An example is “use programming to demonstrate the central limit theorem”. Such a task involves several steps. In particular:

• What does demonstrate mean?
• What is the central limit theorem?

First, the central limit theorem states that if a random variables $Y\sim F$ where $E(Y^2) < \infty$ (but $F$ may not be Normal) then $\sqrt{n} \bar{Y} \Rightarrow N(E(Y), Var(Y))$.

To demonstrate this, we should

• Draw samples from a random variable that is not Normal with finite variance.
• Calculate the average of a sizable sample of $Y$.
• Examine the distribution of $\bar{Y}$

The bullet points above are almost an outline, pseudo code just asks you to add in the for-loops and some key function calls. The key is to give clarity in the structure of the code even if one does not program in Python specifically (but does know programming).

• Repeat the following B times:
  • Draw n values of $Y\sim\Bernoulli(0.1)$
  • Calculate and record $m = mean(Y)$
  • Store the resulting mean in a list called ms
• Plot the histogram of the B values of ms against the density plot of a $Normal(E(Y), \frac{1}{n}Var(Y))$

Here’s an example of what the pseudo-code above could be translated into:

import numpy as np
import seaborn as sns

# It's best practice to place all tunable parameters together
B = 1000
n = 100
p = 0.1

# Simulations
ms = []
for _ in range(B):
    ys = np.random.binomial(n=1, p=p, size=n)
    m = np.mean(ys)
    ms.append(m)

# Theoretical target
x_range = np.linspace(np.min(ms), np.max(ms), B)

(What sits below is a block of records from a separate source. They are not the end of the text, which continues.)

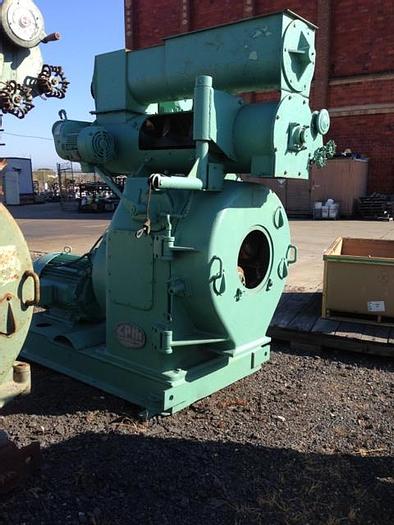 Used Mill, Pellet, California, 150, 150 HP, #S738164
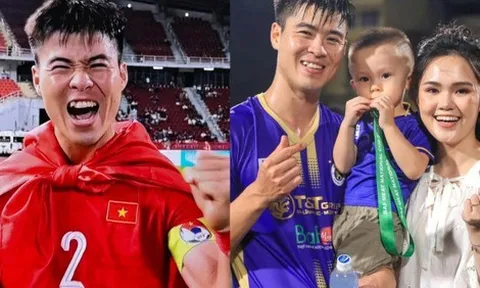 Tài sản của Duy Mạnh ở tuổi 30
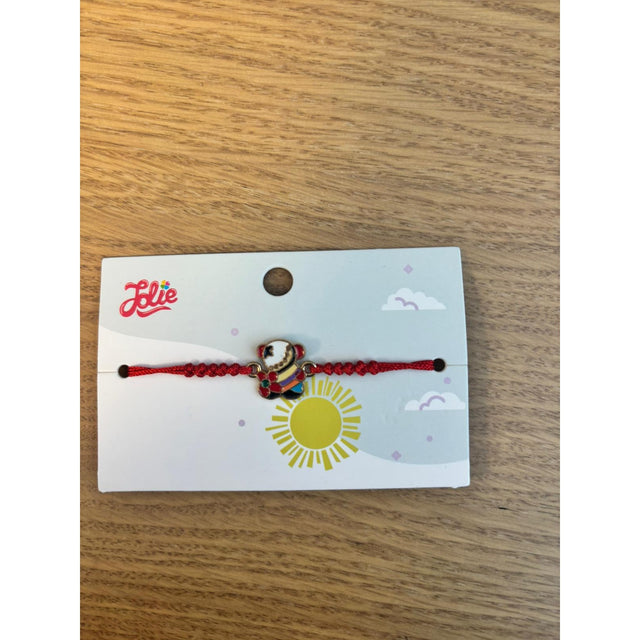 Bratara Jolie cu Impletitura pentru Copii Ursule - vivimall.ro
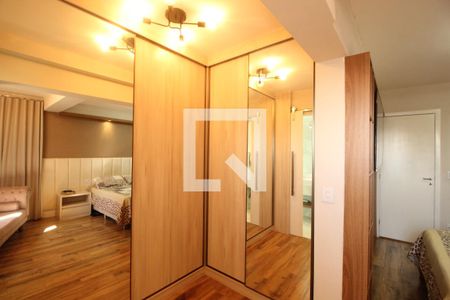 Apartamento à venda com 150m², 4 quartos e 3 vagasQuarto 4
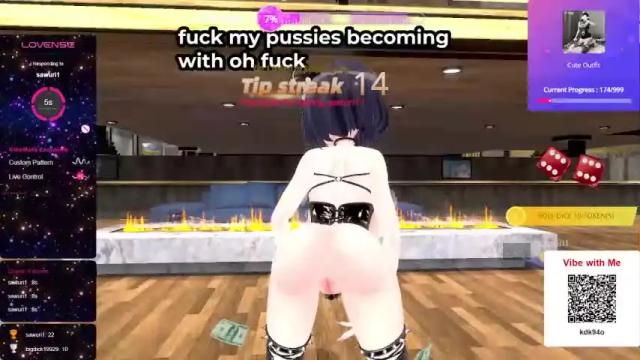 Image 11 of hentai_hurricane Stream on Chaturbate on 16 months ago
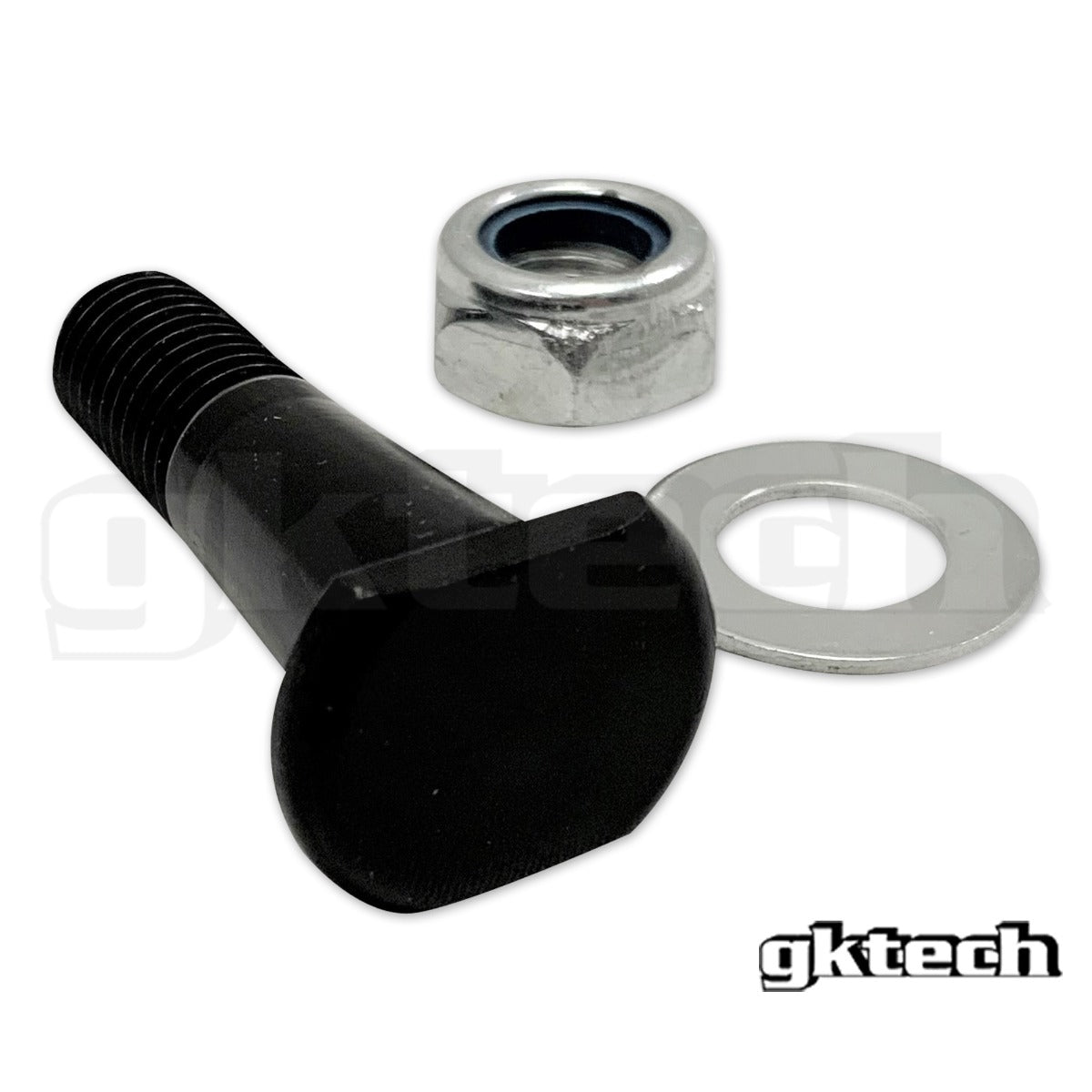 GKTech Z34 370Z bolt on steering kit replacement shank (Z34S-SHNK)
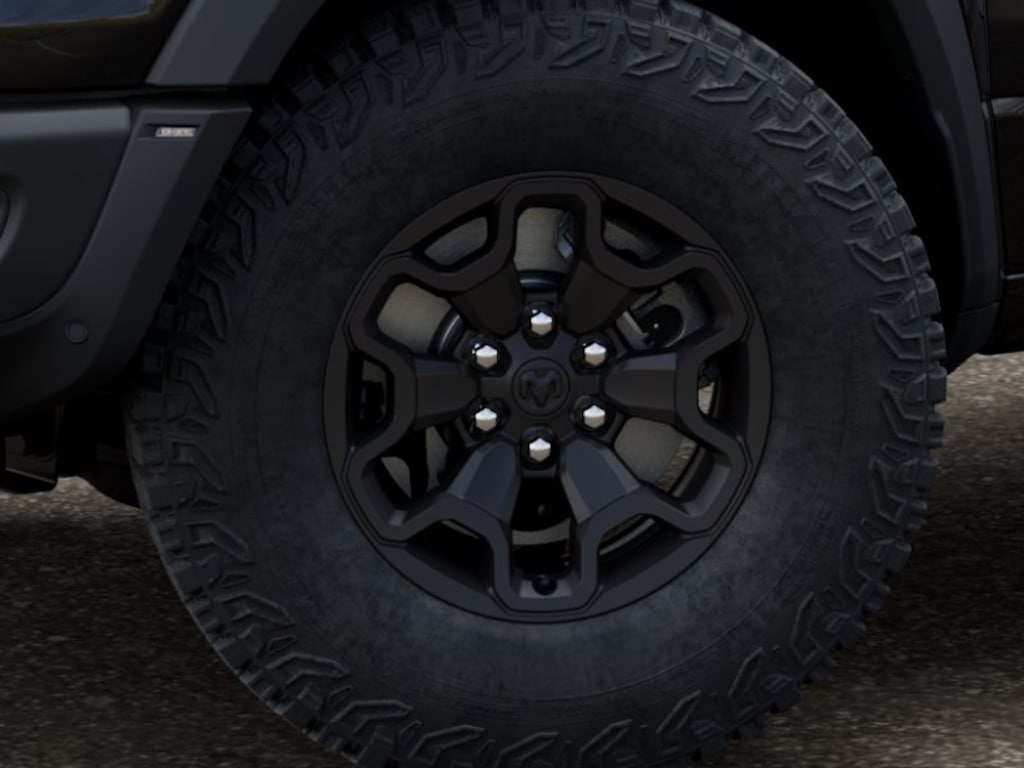 New 2026 Ram 1500 RHO CREW CAB 4X4 5'7 BOX Pickup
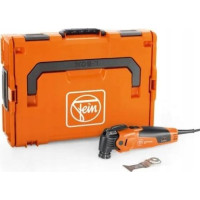 Produktbild för Fein MM 500 PLUS BASIC 72296769000 Multifunktionell verktygs...
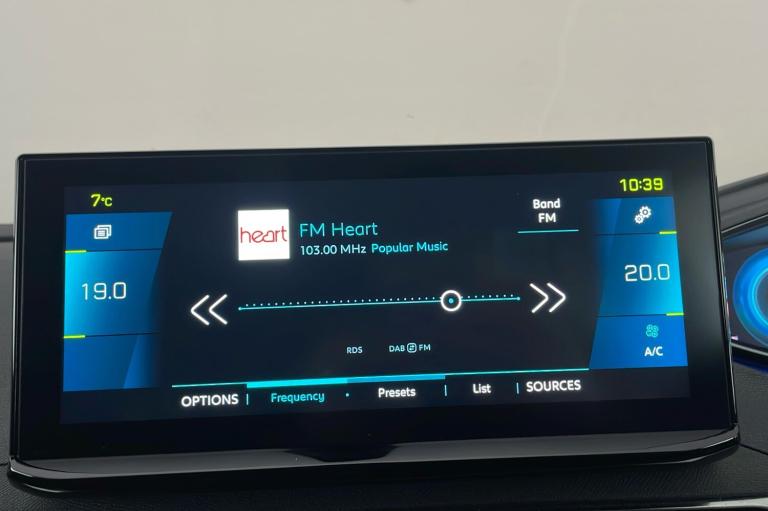  Peugeot 3008 SUV Hybrid 1.6 13.2kwh Gt Suv 5dr Petrol Plug In Hybrid E Eat 4wd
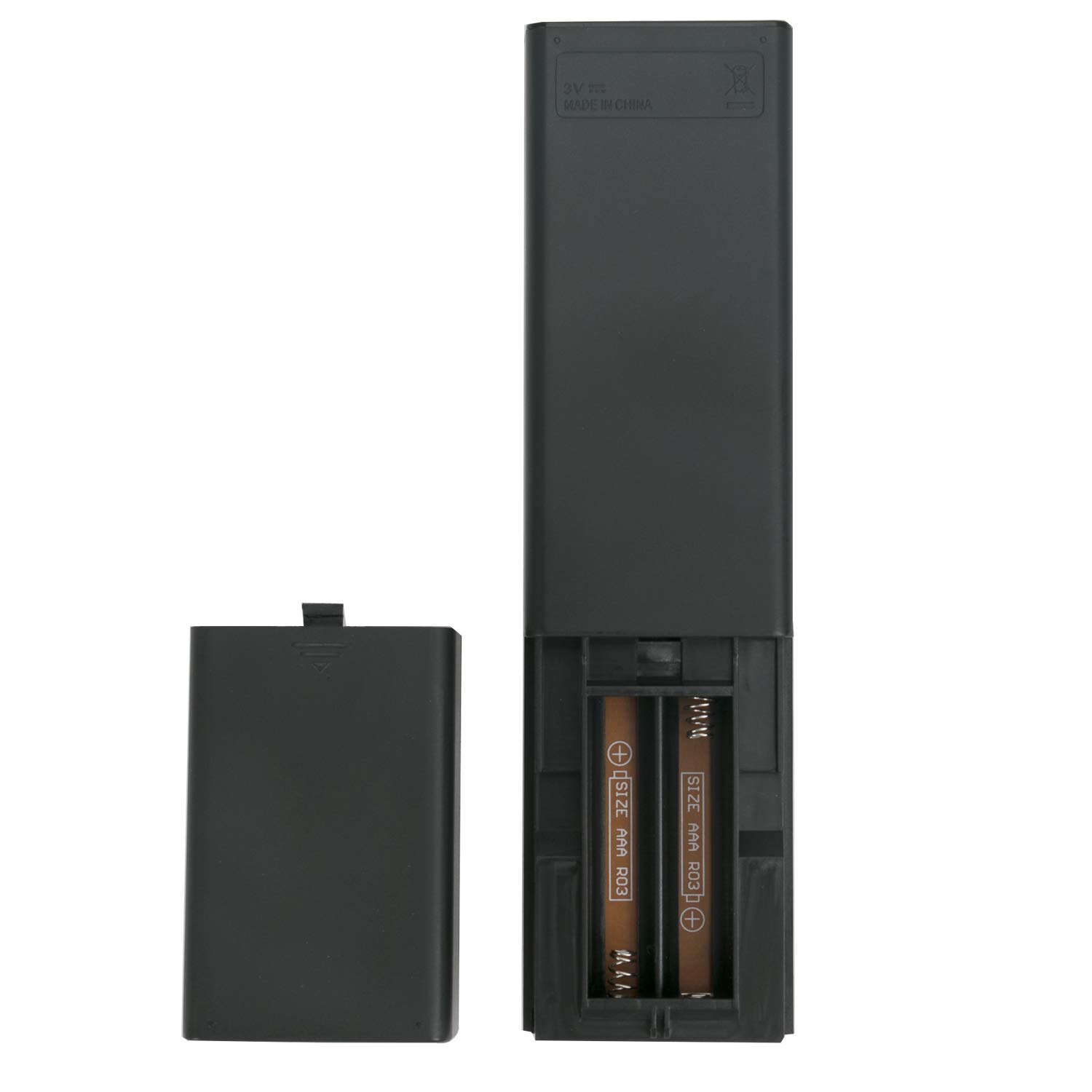 ALLIMITY RMT-AH102U Télécommande Remplacer pour Sony Soundbar AV System HT-XT100 HT-XT1 HTXT100 HTXT1 RMTAH102U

def normal_density(x, m=0, v=1):
    kernel = np.exp(-0.5 * np.power(x - m, 2) / v)
    norm = np.sqrt(2 * np.pi * v)
    return kernel / norm

y_dens = normal_density(x_range, m = p, v = p * (1 - p) / n)

# plotting
sns.lineplot(x=x_range, y=y_dens, alpha=0.5)
sns.kdeplot(ms, alpha=0.5)
plt.show()

Notice that the actual execution includes:

• Python specific syntax
• Parameters necessary for the code to run, e.g. B, p, n, …
• Distracting code related to our plotting libraries